It should be noted that the connectivity metric not only refers to neighbouring nodes, i.e., single-hop communication, but also considers multi-hop communication.
This information from the network monitoring application applies not only to the SDN controller (to make the appropriate forwarding decisions at any given moment), it is also of particular interest to other actors, such as RPS operators, who can observe in real-time what is happening in the network. On the other hand, this information is stored in a database for two primary purposes: (i) to perform an exhaustive ex-post analysis if something has not worked as expected, and (ii) as a communication flight recorder system (also known as black box) in the case of an accident or emergency.
The network monitoring application has been released as open-source [29]. The scripts have been developed for Ubuntu 18.04 LTS but can be easily adapted to any operating system. The data are transmitted in JSON format to incorporate custom metrics efficiently.

4. Validation: From the Lab to the Air

4.1. Laboratory Ground Truth

This section presents the results of two PoC experiments deployed to validate the CIM and showcase its potential to handle communication facilities in multi-RPA environments.
A testbed was set up at the 5TONIC laboratory to support both PoCs. The main objective of this testbed is to experience new developments and potential improvements (e.g., CIM progress, new communication alternatives) during the project period before trialing them on prototypes onboarded into real RPAs and on real-use cases. To this end, mini ITX computers (each with 8 CPUs, 8 GB of RAM, and 128 GB for storage) were used, providing an ideal platform for development. The network configurations and developments performed over these devices are relatively smoothly transferred to smaller devices that can be embedded, such as Raspberry Pi single-board computers, as demonstrated in our previous work [30].
This testbed (following the system explained in Section 3) includes an RPS and two RPAs. All of them have the CIM installed and have two available interfaces. At the 5TONIC laboratory, there is cellular communication (4G/LTE commercial deployment and 5G New Radio) and Wi-Fi. Because the flight tests to be conducted in the Labyrinth project (June 2023) will take place in locations where commercial 5G has not yet been deployed, it was decided to use commercial 4G/LTE connectivity to give verisimilitude to the experiments. On the other hand, the Wi-Fi channel and the movement of the RPAs (flight trajectories) were emulated using the Virtualized Environment for multi-UAV network emulation (VENUE) [25] software platform. The Wi-Fi channel could have been configured with the built-in Wi-Fi interface of the devices (and will be like that in real scenarios, quickly reaching up to 100 m with the proper antenna, according to our tests). However, we would not be able to emulate the RPAs’ movements in that case in the laboratory tests. Accordingly, with the native Wi-Fi, we would not have been able to test the changes between one-hop and two-hop connectivity or the Wi-Fi connectivity unavailability use case in the laboratory.
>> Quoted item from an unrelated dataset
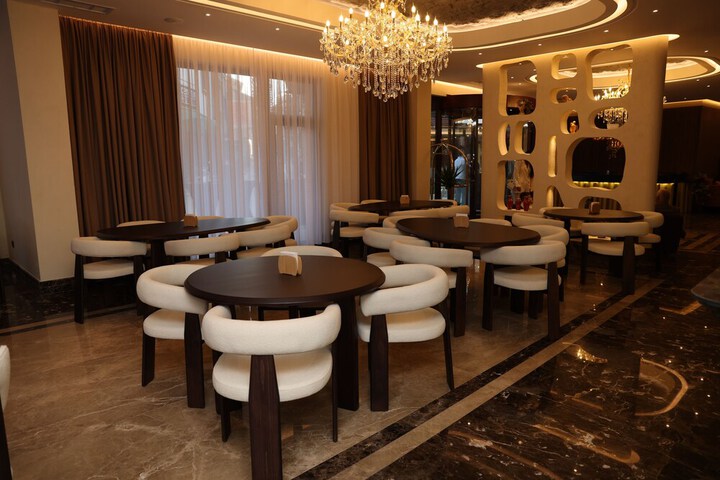 Lounge 47 of 51
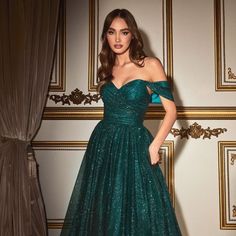 The Elegant Dress That Is Perfect For A Formal Event Is Made Of Delicate Glitter Tulle, Which Makes The Skirt Voluminous Creating A Light Image, While The Off Shoulder Neckline Will Complement The Image With Exquisite Jewelry. Fabric: Tulle Length: Tea Length Colour: Emerald Neckline: Off Shoulder Silhouette: A-Line Sleeve: Sleeveless Back: Zipper Embellishments: Glitter Occasion: Romantic Date/Evening/Dinner, Wedding/Bridesmaid, Graduation, Fashion Show, Visiting Theater/Museum/Restaurant, Banq Tea Length Prom Dress, Short White Dress Wedding, Knee Length Wedding Dress, Tea Length Dress, Mini Wedding Dresses, Cinderella Divine, Layered Tulle Skirt, Formal Party Dress, White Short Dress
4.1.1. Choosing the Minimum RTT Path

This first experiment proves the performance of the CIM following an SDN strategy to select the lowest latency (taking into account the RTT) communication alternative (among the available ones) in a scenario where the network topology frequently changes, which is quite common in small RPA operations.
The experiment includes an RPS and two RPAs (RPA1 and RPA2). The RPS and RPA1 remain static, while RPA2 follows the predefined trajectory (dashed blue line) depicted in Figure 4 from Source point to Destination point and vice versa. Thus, at some point, (i) the RPA2 can directly communicate either using Wi-Fi with the RPS (green background), or (ii) using Wi-Fi with the RPS via the RPA1 (blue background), or (iii) it has to employ the 4G/LTE (yellow background) when the Wi-Fi is out of range. The RPA2 sends a continuous 1.2 Mb/s stream to the RPS to test the operation (1 Mb/s serves to depict a representative RPA video stream, while the remaining 200 Kb/s corresponds to telemetry information sent by the UAVs to the station). This value (200 Kb/s) has been estimated by analyzing the telemetry generated by the different RPAs used in the Labyrinth project in its use cases.
In this experiment, one of the objectives of the CIM (it can be any other depending on the mission needs) is to manage the forwarding plane of the programmable virtual switches (i.e., the OvS switches in the RPA and the RPS in Figure 2 and Figure 3) in order to select the shortest path based on the minimum measured latency. For this reason, whenever a Wi-Fi path becomes available (even if it has to go through RPA1), it will be the preferred one (it will always be faster than using the public 4G/LTE network). Thanks to the report received by the network monitoring application installed in each RPA and RPS, this information is available at the SDN controller.
As shown in Figure 5, during the first period of the experiment, the stream is received over the Wi-Fi interface as the RPA2 and the RPS are in range. From 38 s onwards, this information is no longer received over the Wi-Fi interface because the RPA2 goes out of range, and the one-hop communication is no longer available. However, two-hop Wi-Fi communication is available, although it will not be possible until the routing protocol (OLSR as explained in Section 3.2) discovers the path. While this process is in progress, the SDN controller installs a rule in RPA2 to force the transmission through the 4G/LTE interface.
From 52 s onwards, the protocol enables the multi-hop path, and the Wi-Fi interface becomes available again (indicated by the SDN controller). From 65 s, the RPA2 is no longer in the Wi-Fi coverage range of the RPA1, so the only possible way to communicate RPA2 and RPS is through the 4G/LTE interface.
From the 160th second, RPA2 is back in RPA1’s Wi-Fi coverage range. However, the change does not occur until 170 s, corresponding to when the OLSR protocol converges and enables the path. From the 180th second, RPA2 is back in range of the RPS and communicates using the Wi-Fi interface with one hop. Unlike the previous case (when the RPA2 is moving away), there are no communication breaks in this case. This behavior is because, in this case (when approaching), alternatives do not disappear, but the process is to move toward the optimal option according to the RTT. As mentioned above, the interface changes are managed by the SDN controller.
RTT measurements have been taken from the RPA2 to the RPS using the ping tool to verify this behavior. This value is reflected in the background of Figure 5. When the figure is shaded with green, the average RTT value is 10 ms. This period corresponds to one-hop Wi-Fi connectivity. When the figure is shaded with blue, the average RTT value is 21 ms. This period corresponds to two-hop Wi-Fi connectivity. When the figure is shaded with yellow, the average RTT value is 98 ms. This period corresponds to 4G connectivity. Finally, connectivity is impossible when the figure is shaded with a red background.
Figure 5 also displays the OpenFlow messages exchanged (in packets per second) between the RPS, the RPA2, and the SDN controller (axis on the right). As can be noticed, a periodic OpenFlow message is sent every 5 s (2 Kb/s). In the same way, when a rule is installed in a switch, there is an increase in OpenFlow packets.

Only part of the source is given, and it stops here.